Humans tend to engage in certain activities at more or less the same time as others, almost unconsciously. When everyone decides to go out for drinks at the same time, bars are faced with overwhelming demand that they cannot meet due to space constraints. Once the bar is full, they cannot accommodate more people until space clears out. On the other hand, during non-peak hours, almost no one will be at the bar and the bar is wasting money on overhead, salaries, etc., to maintain an empty shop.
In order to make the demand for their services more predictable, bars invented Happy Hour, a period of time where drinks are sold at discounted prices in order to incentivize more price-sensitive customers to patronize the bar at a non-peak demand time. This allows the bar to capture a greater number of customers by distributing the total demand for their services over a larger period of time, without surpassing their operational limits.

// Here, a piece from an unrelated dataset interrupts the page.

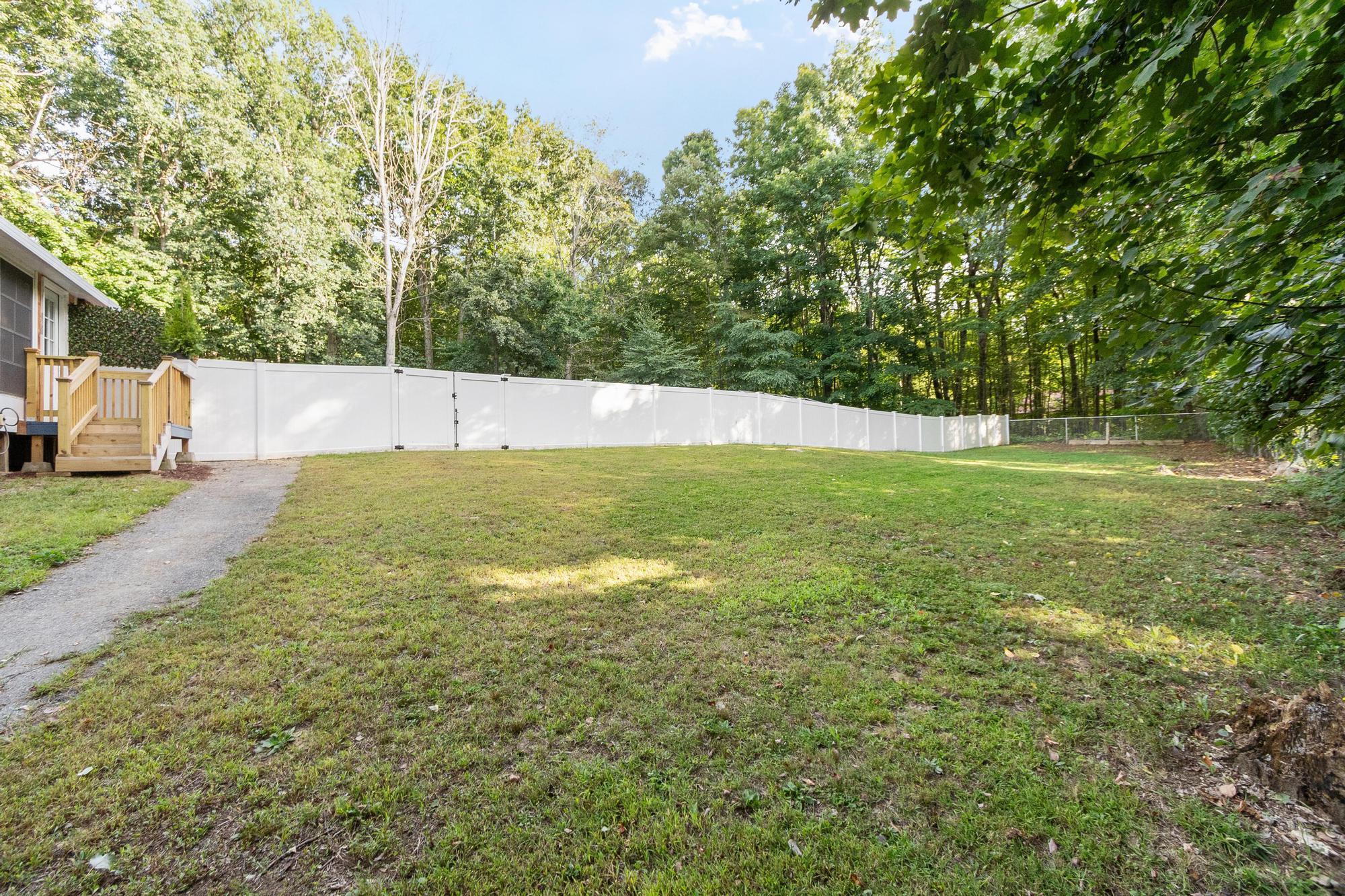 29 Webber Road, Unit A Hampstead, NH 03826 - Photo 26 of 32 Gallery Image 26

Unpredictability of demand in the consulting world
Consulting firms face a similar problem in managing their consultants’ utilization. Demand for projects is not always steady, sometimes coming in flurries, and other times not coming at all. This problem is especially acute for boutique consulting firms. At larger consulting firms, when there is excess demand, there are usually at least a few other teams that are sitting idle which can cover for the team that is overutilized. Boutique consulting firms, by virtue of their small size, do not have this luxury. When a boutique consulting firm faces an excess of demand, they usually have no choice but to turn down the project, resulting in massive losses of potential revenue. There is usually no way to “Happy Hour” a consulting project and take it on at a different time when resources have opened up. Businesses come to consulting firms when they need immediate help.
At other times, due to the nature of demand, boutique firms also have teams of consultants that are “on the beach” sitting idle and basically bleeding money out of the firm. There are no other divisions of the firm that the company can loan its consulting teams out to like at a bigger firm.
The Power of Together
In the face of this problem of uneven demand, what is a boutique consulting firm to do? Up till now, there was very little that these companies could do. However, the technology now exists to effectively solve these problems. Imagine a massive ecosystem of boutique consulting firms that allows these firms to maintain the advantages that boutique firms hold over major consulting firms, such as industry expertise and specialization, while also giving them access to the economies of scale that major consulting firms enjoy.
Imagine an “uberization” of consulting teams that, when a firm is facing excess demand, gives the firm the opportunity to borrow the best consultants from other firms within the ecosystem to be able to match the supply and demand and earn revenue that it would have otherwise missed out on. On the other hand, when that firm has underutilized teams, it can loan out its consultants to another firm that is short-handed and earn a fee. This would effectively smooth out the demand curve for boutique consulting firms, allowing them to operate with much greater clarity and freedom while earning much more revenue.
This is precisely what we are trying to do at Konsälidön. We are creating an ecosystem of boutique consulting firms to allow them to enjoy the economies of scale that larger firms enjoy, giving them the freedom to operate more flexibly and more profitably than ever before. Through what we call “Könnected Talent,” boutique firms can lend or borrow consultants, to and from other firms, whenever needed to maximize their consultants’ utilization rates and take advantage of the natural peaks and troughs in every firm’s demand curve.